Leonardo Da Vinci - Artiste, Peintre de la Renaissance - Eugène Müntz

Notes

Preface

Aucun nom n’est plus éclatant dans les fastes de l’art et dans les fastes de la science que celui de Léonard de Vinci. Et cependant ce génie, illustre entre tous, attend encore une monographie qui le fasse connaître en son infinie variété.

Non seulement la majeure partie de ses dessins n’a jamais été reproduite : nul critique n’a même tenté, jusqu’ici, d’inventorier ou de classer ces chefs-d’œuvre de sentiment et de goût, de séparer l’ivraie du bon grain. C’est à combler une si grosse lacune que je me suis tout d’abord appliqué. Pour la première fois, entre autres, je donne ici le catalogue descriptif et critique de l’incomparable collection conservée à Windsor-Castle dans la Bibliothèque de S. M. la Reine d’Angleterre.

L’on chercherait en vain, d’autre part, dans les nombreux volumes consacrés au Vinci, des détails sur la genèse de ses peintures, sur le processus par lequel chacune d’elles a passé, depuis le croquis primordial jusqu’au dernier coup de brosse. Le Vinci, et ce fait résulte jusqu’à l’évidence de mes recherches, n’atteignait à la perfection qu’au prix d’un labeur infini : c’est parce que ses dessous étaient préparés avec un soin si minutieux, avec cette soif inassouvie de perfection, que la Vierge aux rochers, la Sainte Cène (pp.194–195), la Joconde (voir Vol. II, p.163), la Sainte Anne, ont tant de vie et tant d’éloquence.

Par-dessus tout, il restait à tirer parti des manuscrits scientifiques, artistiques et littéraires, dont la publication in extenso n’a commencé que de nos jours, par les soins de MM. Richter, Charles Ravaisson-Mollien, Beltrami, Ludwig, Sabachnikoff et Rouveyre, ainsi que par ceux de l’Académie romaine des « Lincei ».

Puisse le dépouillement méthodique de ces documents autographes m’avoir permis de pénétrer, plus profondément que mes prédécesseurs, dans l’intimité de mon héros. Peut-être trouvera-t-on quelque nouveauté aux chapitres sur l’attitude de Léonard vis-à-vis des sciences occultes, sur son importance comme littérateur, sur ses croyances religieuses et ses principes de morale, sur ses études d’après les modèles antiques, études jusqu’ici contestées, à tort, comme on le verra.
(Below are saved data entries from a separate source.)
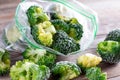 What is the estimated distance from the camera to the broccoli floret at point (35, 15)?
0.99 m

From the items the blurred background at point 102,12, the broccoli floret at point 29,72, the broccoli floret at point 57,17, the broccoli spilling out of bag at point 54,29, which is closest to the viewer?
the broccoli floret at point 29,72

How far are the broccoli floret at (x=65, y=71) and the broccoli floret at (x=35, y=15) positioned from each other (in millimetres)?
Answer: 176

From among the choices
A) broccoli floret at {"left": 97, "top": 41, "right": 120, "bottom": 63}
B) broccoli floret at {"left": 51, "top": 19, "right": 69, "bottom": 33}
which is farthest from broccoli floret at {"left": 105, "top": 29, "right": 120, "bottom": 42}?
broccoli floret at {"left": 51, "top": 19, "right": 69, "bottom": 33}

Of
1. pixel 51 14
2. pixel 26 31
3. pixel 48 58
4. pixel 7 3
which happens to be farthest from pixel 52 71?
pixel 7 3

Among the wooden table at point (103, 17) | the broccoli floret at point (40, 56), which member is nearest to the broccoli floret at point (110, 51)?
the wooden table at point (103, 17)

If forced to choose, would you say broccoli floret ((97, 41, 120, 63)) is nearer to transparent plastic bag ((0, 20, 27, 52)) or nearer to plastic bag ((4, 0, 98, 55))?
plastic bag ((4, 0, 98, 55))

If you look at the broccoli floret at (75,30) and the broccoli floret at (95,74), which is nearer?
the broccoli floret at (95,74)

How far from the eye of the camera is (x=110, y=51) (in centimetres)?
97

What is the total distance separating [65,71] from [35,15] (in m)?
0.22

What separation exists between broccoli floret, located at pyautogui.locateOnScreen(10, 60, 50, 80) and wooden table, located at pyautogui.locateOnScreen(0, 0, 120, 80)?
0.05 meters

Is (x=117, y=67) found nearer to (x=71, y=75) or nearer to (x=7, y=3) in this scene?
(x=71, y=75)

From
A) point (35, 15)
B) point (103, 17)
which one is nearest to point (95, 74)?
point (35, 15)

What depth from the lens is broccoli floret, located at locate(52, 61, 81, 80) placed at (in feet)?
2.92

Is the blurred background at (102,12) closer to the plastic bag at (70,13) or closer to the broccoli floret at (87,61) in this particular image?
the plastic bag at (70,13)
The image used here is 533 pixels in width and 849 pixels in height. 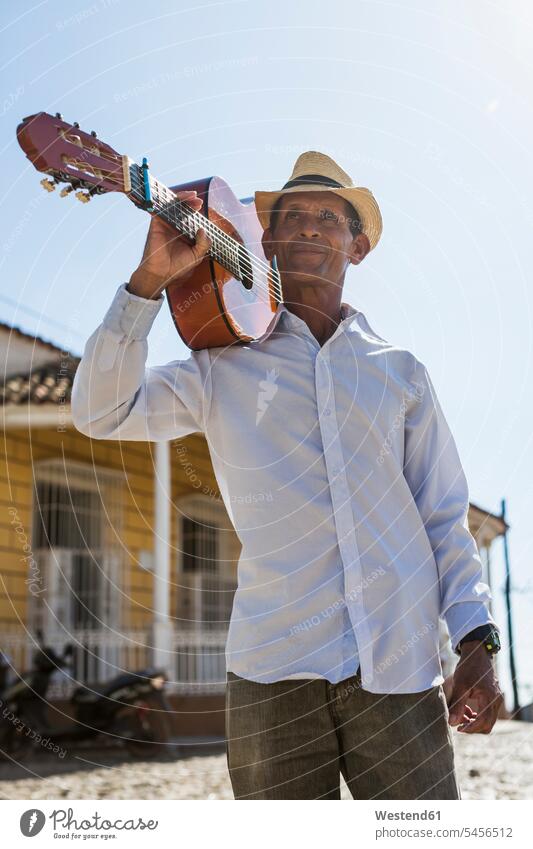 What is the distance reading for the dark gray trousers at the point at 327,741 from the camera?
1.98 metres

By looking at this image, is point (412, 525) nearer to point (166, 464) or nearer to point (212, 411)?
point (212, 411)

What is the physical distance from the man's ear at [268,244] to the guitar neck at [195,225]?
3cm

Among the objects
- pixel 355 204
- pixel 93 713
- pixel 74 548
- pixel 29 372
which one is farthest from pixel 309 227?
pixel 74 548

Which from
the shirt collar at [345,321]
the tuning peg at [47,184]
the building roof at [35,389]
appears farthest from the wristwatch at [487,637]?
the building roof at [35,389]

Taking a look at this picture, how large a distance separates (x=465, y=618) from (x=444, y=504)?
30cm

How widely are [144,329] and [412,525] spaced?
81 cm

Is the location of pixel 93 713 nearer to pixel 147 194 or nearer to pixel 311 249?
pixel 311 249

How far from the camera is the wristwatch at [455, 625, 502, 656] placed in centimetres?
207

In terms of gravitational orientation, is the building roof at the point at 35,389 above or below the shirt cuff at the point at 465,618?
above

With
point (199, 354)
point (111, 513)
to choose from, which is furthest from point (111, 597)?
point (199, 354)

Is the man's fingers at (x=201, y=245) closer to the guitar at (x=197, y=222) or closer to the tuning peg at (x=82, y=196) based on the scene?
the guitar at (x=197, y=222) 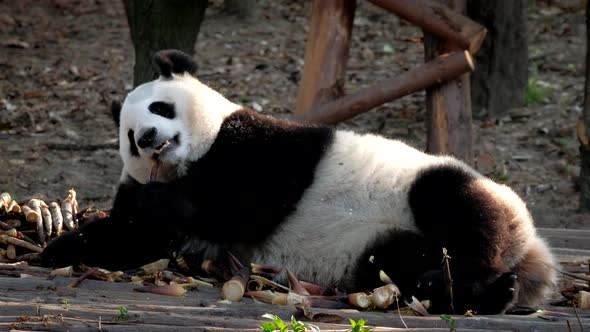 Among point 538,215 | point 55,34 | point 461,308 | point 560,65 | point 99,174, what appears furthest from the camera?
point 55,34

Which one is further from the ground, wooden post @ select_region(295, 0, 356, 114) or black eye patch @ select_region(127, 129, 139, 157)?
black eye patch @ select_region(127, 129, 139, 157)

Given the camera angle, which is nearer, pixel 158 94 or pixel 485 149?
pixel 158 94

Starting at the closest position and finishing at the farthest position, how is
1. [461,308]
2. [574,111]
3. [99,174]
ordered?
[461,308]
[99,174]
[574,111]

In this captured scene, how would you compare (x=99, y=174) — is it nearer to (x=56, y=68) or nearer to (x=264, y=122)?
(x=56, y=68)

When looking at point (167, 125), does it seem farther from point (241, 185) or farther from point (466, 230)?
point (466, 230)

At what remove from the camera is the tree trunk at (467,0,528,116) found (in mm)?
9211

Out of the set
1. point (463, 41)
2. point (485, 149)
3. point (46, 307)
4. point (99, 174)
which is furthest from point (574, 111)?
point (46, 307)

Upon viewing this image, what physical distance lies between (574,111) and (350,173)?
6145 mm

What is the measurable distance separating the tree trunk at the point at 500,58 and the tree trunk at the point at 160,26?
2.99m

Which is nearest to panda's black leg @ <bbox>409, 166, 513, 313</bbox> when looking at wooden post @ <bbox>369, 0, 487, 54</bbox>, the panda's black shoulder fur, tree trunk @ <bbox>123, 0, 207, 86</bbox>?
the panda's black shoulder fur

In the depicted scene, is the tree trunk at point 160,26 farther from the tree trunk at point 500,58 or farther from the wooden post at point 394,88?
the tree trunk at point 500,58

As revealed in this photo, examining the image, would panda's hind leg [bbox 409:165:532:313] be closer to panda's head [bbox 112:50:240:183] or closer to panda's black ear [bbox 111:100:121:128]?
panda's head [bbox 112:50:240:183]

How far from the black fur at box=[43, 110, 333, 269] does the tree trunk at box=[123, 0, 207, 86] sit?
3.45 m

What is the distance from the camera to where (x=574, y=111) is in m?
9.68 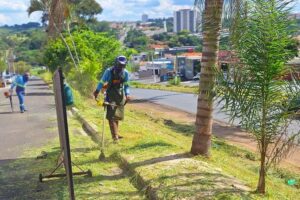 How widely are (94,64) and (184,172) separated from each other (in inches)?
756

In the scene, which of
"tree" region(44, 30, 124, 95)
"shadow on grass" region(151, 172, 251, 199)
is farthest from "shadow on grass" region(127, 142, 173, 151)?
"tree" region(44, 30, 124, 95)

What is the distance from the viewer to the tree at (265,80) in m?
5.36

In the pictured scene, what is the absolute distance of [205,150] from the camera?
25.4 ft

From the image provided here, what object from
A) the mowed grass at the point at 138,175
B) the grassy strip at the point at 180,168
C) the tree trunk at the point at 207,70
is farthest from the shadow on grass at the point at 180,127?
the tree trunk at the point at 207,70

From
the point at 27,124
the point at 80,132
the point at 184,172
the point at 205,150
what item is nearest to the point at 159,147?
the point at 205,150

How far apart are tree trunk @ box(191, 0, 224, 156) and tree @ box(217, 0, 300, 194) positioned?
49.0 inches

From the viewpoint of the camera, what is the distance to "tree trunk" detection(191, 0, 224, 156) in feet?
23.0

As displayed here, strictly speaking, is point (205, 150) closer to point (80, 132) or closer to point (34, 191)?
point (34, 191)

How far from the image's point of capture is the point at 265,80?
5.39 metres

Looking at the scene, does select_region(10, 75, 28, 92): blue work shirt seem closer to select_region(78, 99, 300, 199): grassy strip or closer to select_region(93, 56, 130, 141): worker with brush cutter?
select_region(78, 99, 300, 199): grassy strip

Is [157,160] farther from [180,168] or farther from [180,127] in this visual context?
[180,127]

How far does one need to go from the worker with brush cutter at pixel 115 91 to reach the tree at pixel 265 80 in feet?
12.0

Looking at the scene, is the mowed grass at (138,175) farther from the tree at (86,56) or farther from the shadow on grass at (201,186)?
the tree at (86,56)

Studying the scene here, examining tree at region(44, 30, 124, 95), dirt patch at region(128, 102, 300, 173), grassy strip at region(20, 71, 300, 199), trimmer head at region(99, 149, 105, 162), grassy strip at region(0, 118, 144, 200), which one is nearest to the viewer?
grassy strip at region(20, 71, 300, 199) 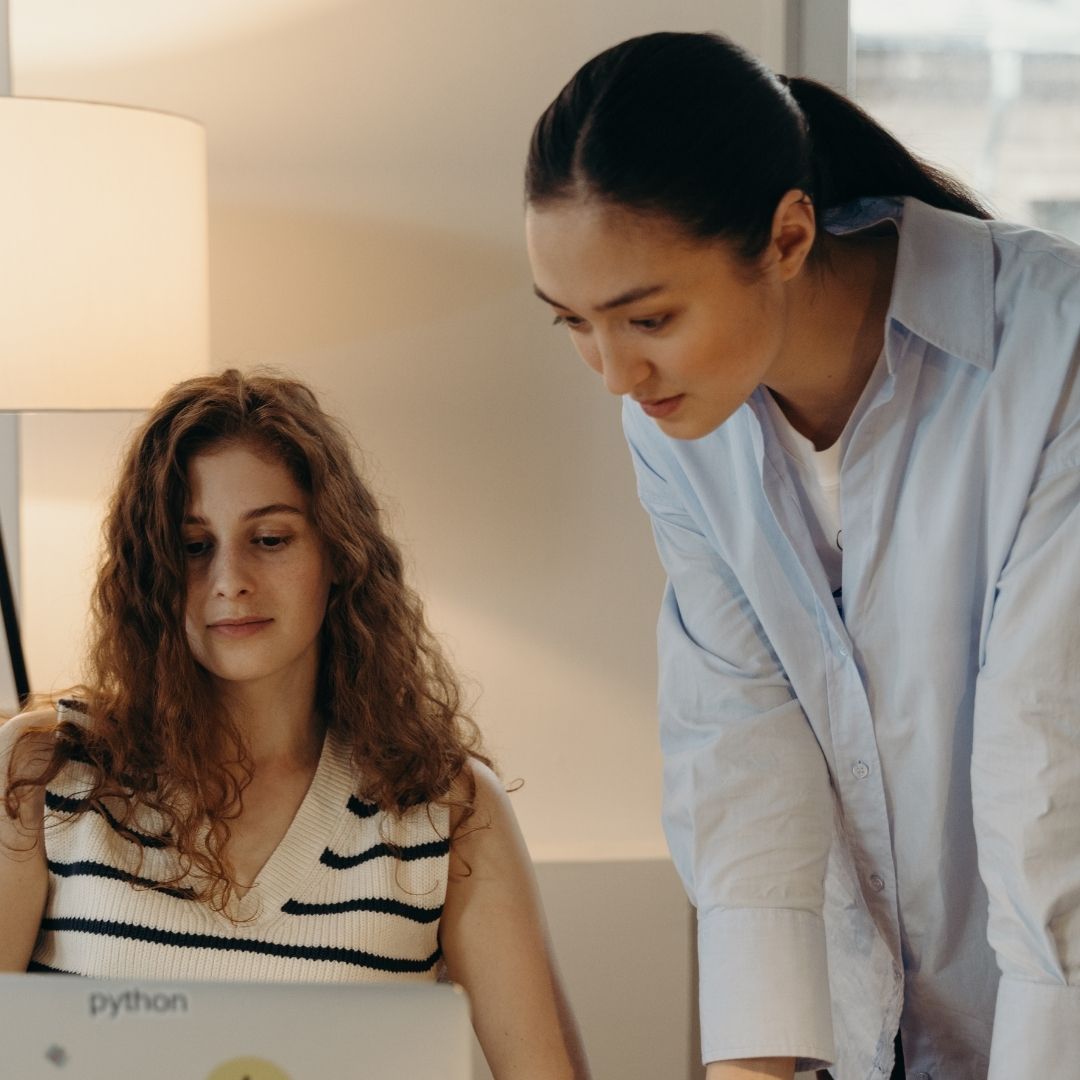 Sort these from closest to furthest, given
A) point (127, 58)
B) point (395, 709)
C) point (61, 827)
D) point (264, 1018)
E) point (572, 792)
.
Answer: point (264, 1018) < point (61, 827) < point (395, 709) < point (127, 58) < point (572, 792)

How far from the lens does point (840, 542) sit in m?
1.19

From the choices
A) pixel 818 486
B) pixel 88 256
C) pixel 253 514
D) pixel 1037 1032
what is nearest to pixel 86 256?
pixel 88 256

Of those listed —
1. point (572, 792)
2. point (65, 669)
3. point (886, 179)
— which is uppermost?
point (886, 179)

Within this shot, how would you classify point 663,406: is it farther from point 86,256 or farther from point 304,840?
point 86,256

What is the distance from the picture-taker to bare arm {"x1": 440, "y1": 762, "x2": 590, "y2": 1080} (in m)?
1.37

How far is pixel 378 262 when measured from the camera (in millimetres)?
1952

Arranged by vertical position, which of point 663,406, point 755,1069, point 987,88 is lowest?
point 755,1069

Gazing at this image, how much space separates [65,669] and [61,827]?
65 centimetres

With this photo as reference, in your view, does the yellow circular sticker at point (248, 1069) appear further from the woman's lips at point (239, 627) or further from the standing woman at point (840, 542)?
the woman's lips at point (239, 627)

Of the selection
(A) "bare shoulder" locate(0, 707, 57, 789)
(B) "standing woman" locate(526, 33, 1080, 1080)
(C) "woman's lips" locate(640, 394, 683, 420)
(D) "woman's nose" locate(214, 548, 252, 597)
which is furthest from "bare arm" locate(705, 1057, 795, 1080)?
(A) "bare shoulder" locate(0, 707, 57, 789)

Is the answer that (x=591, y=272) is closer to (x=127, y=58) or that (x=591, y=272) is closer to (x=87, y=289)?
(x=87, y=289)

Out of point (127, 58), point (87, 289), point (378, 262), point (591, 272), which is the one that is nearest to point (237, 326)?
point (378, 262)

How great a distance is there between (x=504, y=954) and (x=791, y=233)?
0.76 meters

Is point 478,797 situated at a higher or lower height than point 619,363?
lower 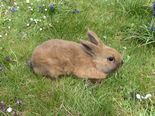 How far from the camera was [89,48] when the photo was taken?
5277mm

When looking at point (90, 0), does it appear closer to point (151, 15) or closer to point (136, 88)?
point (151, 15)

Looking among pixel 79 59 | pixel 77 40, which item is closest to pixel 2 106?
pixel 79 59

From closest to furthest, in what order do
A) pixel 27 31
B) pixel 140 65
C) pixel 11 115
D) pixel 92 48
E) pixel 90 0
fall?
pixel 11 115 < pixel 92 48 < pixel 140 65 < pixel 27 31 < pixel 90 0

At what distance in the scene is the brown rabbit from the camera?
17.2 ft

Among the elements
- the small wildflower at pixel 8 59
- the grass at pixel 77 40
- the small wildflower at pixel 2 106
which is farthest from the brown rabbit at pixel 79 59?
the small wildflower at pixel 2 106

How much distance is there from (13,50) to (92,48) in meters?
1.30

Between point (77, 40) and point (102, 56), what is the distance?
1005 millimetres

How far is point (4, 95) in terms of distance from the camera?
5.18 meters

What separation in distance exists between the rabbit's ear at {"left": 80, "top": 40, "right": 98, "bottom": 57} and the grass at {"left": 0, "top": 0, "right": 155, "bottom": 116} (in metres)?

Je me suis, en outre, efforcé de reconstituer et de faire revivre le milieu dans lequel travailla le maître, surtout ce milieu milanais, cette cour de Ludovic le More, si éminemment suggestifs et auxquels la Renaissance a dû sa suprême évolution.

Il s’en faut de beaucoup, cependant, et je ne me le dissimule en aucune façon, que tous les problèmes soient résolus. Une entreprise du genre de celle à laquelle je me suis dévoué exige le concours d’une génération entière de chercheurs : l’effort d’un seul n’y suffit pas. Du moins, et ce me sera un titre à l’indulgence de mes lecteurs, me suis-je fait une loi de discuter avec modération et courtoisie les opinions que je ne partage pas.

Ce m’est un devoir très doux que de remercier, en terminant, les amis ou les correspondants qui ont bien voulu m’assister au cours d’une si longue et minutieuse enquête. La liste en est trop étendue pour que je les nomme tous ici, mais j’ai pris à cœur d’acquitter, au fur et à mesure, dans le corps même du volume, la dette contractée vis-à-vis de chacun de ces collaborateurs plus ou moins directs.

EUGENE MÜNTZ

PARIS, Octobre 1898.

1. Autoportrait, vers 1512. Dessin, 33,3 x 21,3 cm. Biblioteca Reale, Turin.

L’Enfance de Léonard de Vinci et ses premières œuvres

Léonard de Vinci est le représentant le plus complet de l’esprit nouveau, la plus haute personnification de l’alliance de l’art avec la science : penseur, poète, charmeur sans rival. En parcourant son œuvre d’une incomparable variété, on retrouve jusque dans ses caprices, pour employer, en la modifiant légèrement, l’heureuse expression d’Edgar Quinet, « les lois de la Renaissance italienne et la géométrie de la beauté universelle ».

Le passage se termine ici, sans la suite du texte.